By SPECIAL TO NUNATSIAQ NEWS

FRANCOIS SHALOM
Postmedis News

Aviation changed the world 10 years ago, which in turn changed aviation forever. The instant those hijacked planes slammed into their targets, airline security became synonymous with national security.

“It was the first time airliners were used as a weapon of armed destruction,” said Raymond Benjamin, secretary-general of Montreal’s International Civil Aviation Organization.

The fallout is a security regime that features bans on gels and liquids in the cabins, more and longer lineups as screening of passengers and their baggage intensified — including frisking or interrogations of the most unlikely subjects, and, in the U.S., full-body scans.

Last year spending on airport security worldwide rose to $7.5 billion US, said Pierre Jeanniot, former president of Air Canada and of Montreal’s International Air Transport Association — an added cost to your airline ticket.

George Petsikas, an executive at Montreal’s Transat A.T., and president of the National Airlines Council of Canada, said 600,000 jobs in travel and tourism in Canada depend heavily on air travel.

“The danger is that people say ‘to heck with it, I can’t do this [airport hassle] thing any more, I’m gonna rebuild the porch instead.'” Hamilton points out that increased airline hassles can make other modes of transport more attractive.

One silver lining in the post-9/11 cloud has been a greater demand for more economical airplanes, said Hamilton. The result? Boeing Co.’s 787 Dreamliner, Airbus SA’s future A350 and Bombardier’s $3-billion CSeries program, a shot in the arm to Quebec’s economy.

Freeman, IATA and a host of other aviation players have said for years that it’s time to move past the 9-11 everyone-is-a-suspect mindset and adopt an assessment system at airports that gauges a flyer’s risk based on background checks.

But Mathieu Laroque, spokesman for the Canadian Air Transport Security Authority, which manages Canada’s airport security, said the impetus will have to come from government regulators, and governments will not move until international standards are adopted.

Another, less tangible, lasting effect of the post 9/11 security-is-everything mentality is the resulting loss of privacy — and sovereignty.

Canadians now flying over U.S. territory, however briefly, must submit to the Secure Flight program. This program requires Canadian airlines to submit their passenger lists to U.S. authorities, even though no Canadian law required such a thing.
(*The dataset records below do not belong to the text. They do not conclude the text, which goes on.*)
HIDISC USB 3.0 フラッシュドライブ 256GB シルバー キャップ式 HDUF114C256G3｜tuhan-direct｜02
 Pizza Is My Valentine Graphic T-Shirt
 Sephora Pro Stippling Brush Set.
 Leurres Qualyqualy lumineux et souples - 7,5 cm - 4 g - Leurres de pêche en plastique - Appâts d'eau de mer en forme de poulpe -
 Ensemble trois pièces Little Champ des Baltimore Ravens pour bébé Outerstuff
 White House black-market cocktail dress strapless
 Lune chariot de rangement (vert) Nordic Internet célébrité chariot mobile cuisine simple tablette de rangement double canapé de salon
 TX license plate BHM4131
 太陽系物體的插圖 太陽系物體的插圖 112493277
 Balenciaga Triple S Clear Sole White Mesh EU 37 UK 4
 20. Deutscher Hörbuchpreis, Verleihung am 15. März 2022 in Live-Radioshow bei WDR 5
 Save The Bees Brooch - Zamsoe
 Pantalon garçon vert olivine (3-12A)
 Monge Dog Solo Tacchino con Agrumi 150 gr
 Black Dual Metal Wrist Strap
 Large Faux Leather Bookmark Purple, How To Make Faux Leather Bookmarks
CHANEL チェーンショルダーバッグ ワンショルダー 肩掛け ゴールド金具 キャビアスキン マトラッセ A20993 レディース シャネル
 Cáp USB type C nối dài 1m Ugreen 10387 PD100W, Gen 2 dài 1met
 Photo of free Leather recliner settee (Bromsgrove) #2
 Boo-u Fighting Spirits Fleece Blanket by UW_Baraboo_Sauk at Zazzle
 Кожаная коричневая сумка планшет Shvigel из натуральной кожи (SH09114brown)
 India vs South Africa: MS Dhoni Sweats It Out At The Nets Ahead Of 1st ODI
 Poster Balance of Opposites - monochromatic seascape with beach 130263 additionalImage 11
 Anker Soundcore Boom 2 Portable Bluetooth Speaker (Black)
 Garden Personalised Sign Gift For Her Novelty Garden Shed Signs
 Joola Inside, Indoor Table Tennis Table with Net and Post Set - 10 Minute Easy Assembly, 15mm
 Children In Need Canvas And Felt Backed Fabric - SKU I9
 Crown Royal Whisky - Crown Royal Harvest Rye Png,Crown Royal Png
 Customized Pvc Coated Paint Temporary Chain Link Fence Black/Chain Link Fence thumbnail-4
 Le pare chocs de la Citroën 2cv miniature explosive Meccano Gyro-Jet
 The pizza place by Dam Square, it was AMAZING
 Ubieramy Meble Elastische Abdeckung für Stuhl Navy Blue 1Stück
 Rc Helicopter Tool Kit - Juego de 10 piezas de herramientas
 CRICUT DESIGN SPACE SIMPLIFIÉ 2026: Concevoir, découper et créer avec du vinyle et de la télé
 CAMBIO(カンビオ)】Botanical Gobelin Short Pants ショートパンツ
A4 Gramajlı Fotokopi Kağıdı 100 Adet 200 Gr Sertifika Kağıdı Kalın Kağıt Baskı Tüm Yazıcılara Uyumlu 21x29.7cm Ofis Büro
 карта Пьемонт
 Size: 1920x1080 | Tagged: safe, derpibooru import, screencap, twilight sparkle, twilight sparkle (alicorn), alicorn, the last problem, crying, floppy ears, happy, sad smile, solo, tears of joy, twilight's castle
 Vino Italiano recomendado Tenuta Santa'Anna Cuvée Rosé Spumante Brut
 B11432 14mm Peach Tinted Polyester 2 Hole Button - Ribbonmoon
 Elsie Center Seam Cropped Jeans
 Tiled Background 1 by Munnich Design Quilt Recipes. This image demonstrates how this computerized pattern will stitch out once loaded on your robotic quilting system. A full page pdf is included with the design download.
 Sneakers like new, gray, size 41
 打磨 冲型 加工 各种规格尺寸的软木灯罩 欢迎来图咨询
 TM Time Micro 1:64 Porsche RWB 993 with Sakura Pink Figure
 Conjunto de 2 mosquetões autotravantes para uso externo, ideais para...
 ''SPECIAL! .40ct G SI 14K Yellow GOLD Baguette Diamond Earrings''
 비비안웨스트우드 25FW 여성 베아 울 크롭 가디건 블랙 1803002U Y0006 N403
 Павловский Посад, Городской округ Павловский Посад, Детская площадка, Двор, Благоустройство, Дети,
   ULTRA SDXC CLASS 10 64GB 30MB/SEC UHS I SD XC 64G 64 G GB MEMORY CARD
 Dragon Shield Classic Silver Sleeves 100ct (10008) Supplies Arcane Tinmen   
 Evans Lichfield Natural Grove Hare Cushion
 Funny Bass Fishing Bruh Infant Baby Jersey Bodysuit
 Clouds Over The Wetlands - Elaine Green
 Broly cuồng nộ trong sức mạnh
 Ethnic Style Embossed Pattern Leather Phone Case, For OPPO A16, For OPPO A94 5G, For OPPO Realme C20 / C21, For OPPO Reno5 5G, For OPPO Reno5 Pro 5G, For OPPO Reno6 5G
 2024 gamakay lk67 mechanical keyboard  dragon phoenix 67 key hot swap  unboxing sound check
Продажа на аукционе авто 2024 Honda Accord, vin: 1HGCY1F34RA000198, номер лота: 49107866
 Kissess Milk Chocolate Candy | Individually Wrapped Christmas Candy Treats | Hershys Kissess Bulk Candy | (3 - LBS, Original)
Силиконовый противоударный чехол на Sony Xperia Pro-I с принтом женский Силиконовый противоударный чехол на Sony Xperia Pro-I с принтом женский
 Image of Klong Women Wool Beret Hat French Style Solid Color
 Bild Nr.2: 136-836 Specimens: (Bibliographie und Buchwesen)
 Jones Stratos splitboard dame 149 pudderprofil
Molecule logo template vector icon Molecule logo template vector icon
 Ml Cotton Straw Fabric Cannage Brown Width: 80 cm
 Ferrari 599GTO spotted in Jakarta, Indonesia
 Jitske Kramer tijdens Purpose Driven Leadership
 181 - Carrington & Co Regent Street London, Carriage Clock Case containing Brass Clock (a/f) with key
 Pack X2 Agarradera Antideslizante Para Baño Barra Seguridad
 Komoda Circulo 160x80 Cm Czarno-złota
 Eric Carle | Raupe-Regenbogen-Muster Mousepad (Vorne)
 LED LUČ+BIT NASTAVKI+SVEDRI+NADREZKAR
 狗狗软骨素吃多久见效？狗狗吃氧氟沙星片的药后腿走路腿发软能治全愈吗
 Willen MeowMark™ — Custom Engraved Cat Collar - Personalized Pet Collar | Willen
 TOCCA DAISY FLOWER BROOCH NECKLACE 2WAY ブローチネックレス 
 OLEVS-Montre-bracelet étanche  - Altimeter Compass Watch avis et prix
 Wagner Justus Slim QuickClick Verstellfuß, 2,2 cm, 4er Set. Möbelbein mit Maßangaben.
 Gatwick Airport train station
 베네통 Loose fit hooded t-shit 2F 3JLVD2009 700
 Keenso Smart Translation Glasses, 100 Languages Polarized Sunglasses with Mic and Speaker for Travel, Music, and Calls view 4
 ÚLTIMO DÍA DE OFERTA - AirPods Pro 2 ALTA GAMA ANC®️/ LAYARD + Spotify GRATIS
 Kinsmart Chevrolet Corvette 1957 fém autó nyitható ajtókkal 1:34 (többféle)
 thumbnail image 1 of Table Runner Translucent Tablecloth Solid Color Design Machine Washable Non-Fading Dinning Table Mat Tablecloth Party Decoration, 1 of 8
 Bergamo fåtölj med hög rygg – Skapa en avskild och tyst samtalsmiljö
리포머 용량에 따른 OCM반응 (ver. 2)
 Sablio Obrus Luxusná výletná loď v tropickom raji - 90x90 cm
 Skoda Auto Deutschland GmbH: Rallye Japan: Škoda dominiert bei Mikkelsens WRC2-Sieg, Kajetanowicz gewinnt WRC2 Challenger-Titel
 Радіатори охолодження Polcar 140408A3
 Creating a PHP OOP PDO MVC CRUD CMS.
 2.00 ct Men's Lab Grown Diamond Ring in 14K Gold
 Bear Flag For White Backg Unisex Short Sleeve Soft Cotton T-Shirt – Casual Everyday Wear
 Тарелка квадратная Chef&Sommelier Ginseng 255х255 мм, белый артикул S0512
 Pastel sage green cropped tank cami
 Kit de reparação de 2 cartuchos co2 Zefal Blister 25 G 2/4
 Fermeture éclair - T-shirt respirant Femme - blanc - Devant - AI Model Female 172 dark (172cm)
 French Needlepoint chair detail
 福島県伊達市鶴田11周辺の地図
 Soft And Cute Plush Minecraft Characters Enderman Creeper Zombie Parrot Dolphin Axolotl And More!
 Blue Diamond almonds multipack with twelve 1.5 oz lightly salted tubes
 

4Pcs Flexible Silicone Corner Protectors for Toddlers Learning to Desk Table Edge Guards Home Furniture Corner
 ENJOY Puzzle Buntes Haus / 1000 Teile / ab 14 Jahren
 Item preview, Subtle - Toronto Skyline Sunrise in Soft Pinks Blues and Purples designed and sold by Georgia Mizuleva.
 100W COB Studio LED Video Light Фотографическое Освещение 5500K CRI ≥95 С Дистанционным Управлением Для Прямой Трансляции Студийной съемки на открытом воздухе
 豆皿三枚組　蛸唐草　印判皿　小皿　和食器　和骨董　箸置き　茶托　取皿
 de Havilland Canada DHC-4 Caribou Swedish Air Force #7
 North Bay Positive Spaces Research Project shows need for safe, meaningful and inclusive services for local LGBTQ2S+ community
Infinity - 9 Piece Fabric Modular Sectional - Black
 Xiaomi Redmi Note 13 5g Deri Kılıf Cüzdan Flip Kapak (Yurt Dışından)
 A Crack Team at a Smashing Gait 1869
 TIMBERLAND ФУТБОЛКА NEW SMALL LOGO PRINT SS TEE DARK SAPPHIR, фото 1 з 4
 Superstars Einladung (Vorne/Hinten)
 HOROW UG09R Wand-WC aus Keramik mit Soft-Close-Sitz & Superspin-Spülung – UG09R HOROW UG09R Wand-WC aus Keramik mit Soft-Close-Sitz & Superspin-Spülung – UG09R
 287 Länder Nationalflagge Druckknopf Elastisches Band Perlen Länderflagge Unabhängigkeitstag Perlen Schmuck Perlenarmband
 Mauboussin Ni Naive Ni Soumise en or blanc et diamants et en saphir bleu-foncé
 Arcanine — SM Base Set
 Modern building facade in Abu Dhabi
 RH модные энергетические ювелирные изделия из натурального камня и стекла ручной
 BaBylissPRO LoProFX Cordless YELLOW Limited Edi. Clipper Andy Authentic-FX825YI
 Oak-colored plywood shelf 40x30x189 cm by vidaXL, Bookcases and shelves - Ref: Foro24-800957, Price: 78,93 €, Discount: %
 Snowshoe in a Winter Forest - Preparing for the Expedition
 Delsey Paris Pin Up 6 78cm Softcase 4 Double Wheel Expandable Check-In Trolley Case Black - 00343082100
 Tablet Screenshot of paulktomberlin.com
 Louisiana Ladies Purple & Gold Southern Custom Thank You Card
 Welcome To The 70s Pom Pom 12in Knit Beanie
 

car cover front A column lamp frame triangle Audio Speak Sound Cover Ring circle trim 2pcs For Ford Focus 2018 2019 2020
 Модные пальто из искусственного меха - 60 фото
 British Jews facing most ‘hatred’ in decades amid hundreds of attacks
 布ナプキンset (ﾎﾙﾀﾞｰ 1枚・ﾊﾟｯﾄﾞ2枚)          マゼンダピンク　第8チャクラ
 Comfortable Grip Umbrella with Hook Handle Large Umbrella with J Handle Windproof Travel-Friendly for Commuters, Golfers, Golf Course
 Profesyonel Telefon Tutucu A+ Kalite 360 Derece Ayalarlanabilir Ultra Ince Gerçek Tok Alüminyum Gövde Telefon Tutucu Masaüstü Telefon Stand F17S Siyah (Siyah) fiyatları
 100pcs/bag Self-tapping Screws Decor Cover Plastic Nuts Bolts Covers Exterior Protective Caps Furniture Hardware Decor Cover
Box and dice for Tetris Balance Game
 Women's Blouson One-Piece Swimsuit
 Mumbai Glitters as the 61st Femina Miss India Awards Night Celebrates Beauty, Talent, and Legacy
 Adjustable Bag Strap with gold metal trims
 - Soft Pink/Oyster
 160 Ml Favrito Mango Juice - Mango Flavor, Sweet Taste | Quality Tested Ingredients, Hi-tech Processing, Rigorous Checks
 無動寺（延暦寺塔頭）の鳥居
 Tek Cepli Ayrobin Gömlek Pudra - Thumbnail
In fact, the Aeronautics Act that prohibited Canadian carriers from sharing information about their passengers was amended on March 23 to “permit air carriers to share information with the United States for flights that overfly the continental U.S.,” said Lisa Filipps, spokeswoman for Public Safety Canada.

“This approach continues to balance the privacy rights of travellers with the need for a safe and secure air transportation system.”

Doug Reid could not disagree more. The professor of strategy at Kingston’s Queen’s University’s School of Business said that in addition to the “horrid” experience, flyers, “sadly, are guilty until proven innocent.”

“The Canadian Charter of Rights and Freedoms is essentially null and void the instant you get to an airport,” Reid said. “For all intents and purposes, CATSA conduct illegal searches and they know it. CATSA people use contrivances to work around that. When they ask permission to look into your bag, they’re not being nice, they have to legally. If you object, they don’t let you get on the airplane, which is very insulting and quite ridiculous. Last time I looked, we still had the right to disagree.”

The question of whether the terrorists won is “stupid,” Reid said, “because what is ‘win’?” “But did they change the way we live? Absolutely,” including the diversion of many billions of dollars, “maybe trillions” into security and wars instead of health care, education or infrastructure.

“We aren’t enslaved as the terrorists would want — but there’s no question we are less free now than we were 10 years ago.”